*Exercise brief*:
Take every line in the entries that includes the word "against" and copy it.

** Extracted information follows **

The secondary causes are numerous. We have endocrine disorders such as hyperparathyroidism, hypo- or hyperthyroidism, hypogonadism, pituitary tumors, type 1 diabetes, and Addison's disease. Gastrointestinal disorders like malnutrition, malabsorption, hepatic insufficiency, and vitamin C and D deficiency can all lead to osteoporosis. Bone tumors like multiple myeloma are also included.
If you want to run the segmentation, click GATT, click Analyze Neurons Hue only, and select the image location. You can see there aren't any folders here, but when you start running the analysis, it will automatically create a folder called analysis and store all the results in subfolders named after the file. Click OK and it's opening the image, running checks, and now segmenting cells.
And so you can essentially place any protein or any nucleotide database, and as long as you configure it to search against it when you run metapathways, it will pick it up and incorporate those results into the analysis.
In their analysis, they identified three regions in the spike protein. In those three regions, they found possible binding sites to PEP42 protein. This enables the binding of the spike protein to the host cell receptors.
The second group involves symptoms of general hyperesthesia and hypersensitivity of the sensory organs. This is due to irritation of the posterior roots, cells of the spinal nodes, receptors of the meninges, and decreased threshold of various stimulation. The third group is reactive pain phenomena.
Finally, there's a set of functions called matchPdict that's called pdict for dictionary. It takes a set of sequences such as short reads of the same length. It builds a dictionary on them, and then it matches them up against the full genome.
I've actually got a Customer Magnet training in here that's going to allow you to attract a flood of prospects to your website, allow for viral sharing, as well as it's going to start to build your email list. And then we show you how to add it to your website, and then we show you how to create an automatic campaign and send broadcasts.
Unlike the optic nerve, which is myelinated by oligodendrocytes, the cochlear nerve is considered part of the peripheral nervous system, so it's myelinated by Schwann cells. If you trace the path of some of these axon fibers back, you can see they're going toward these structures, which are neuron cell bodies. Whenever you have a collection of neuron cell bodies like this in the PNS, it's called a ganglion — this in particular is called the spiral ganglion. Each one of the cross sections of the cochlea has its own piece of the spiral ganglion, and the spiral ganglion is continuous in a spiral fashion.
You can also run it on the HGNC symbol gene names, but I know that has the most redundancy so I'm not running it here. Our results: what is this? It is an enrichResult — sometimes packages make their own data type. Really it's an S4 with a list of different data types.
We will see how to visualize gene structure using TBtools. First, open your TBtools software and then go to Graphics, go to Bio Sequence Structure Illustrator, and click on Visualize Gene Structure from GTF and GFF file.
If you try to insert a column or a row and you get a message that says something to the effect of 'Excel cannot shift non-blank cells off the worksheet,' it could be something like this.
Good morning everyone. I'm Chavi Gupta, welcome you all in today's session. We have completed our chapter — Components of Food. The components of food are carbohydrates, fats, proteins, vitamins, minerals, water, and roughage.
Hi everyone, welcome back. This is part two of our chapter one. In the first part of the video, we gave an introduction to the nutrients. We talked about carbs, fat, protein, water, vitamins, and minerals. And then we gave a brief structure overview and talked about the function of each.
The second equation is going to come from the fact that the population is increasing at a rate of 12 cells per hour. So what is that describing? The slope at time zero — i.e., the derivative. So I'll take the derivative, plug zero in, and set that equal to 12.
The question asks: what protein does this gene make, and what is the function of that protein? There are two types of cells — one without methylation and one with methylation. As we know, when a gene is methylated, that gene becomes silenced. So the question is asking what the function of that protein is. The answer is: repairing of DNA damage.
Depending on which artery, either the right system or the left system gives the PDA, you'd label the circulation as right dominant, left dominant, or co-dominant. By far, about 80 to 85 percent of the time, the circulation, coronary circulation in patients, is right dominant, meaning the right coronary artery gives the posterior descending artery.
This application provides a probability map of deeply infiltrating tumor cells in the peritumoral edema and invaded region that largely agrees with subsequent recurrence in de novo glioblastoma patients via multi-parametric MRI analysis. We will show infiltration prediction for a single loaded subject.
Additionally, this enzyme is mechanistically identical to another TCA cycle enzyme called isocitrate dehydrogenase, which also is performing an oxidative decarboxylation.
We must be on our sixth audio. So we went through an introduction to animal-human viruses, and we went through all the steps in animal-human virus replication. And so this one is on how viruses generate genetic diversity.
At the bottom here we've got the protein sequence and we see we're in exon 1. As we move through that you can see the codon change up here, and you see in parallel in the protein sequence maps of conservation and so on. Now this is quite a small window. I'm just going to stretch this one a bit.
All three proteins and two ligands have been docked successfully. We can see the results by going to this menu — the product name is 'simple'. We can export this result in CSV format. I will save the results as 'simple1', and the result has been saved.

** End of Extracted information **

*Reply to the exercise*:
And so you can essentially place any protein or any nucleotide database, and as long as you configure it to search against it when you run metapathways, it will pick it up and incorporate those results into the analysis.
Finally, there's a set of functions called matchPdict that's called pdict for dictionary. It takes a set of sequences such as short reads of the same length. It builds a dictionary on them, and then it matches them up against the full genome.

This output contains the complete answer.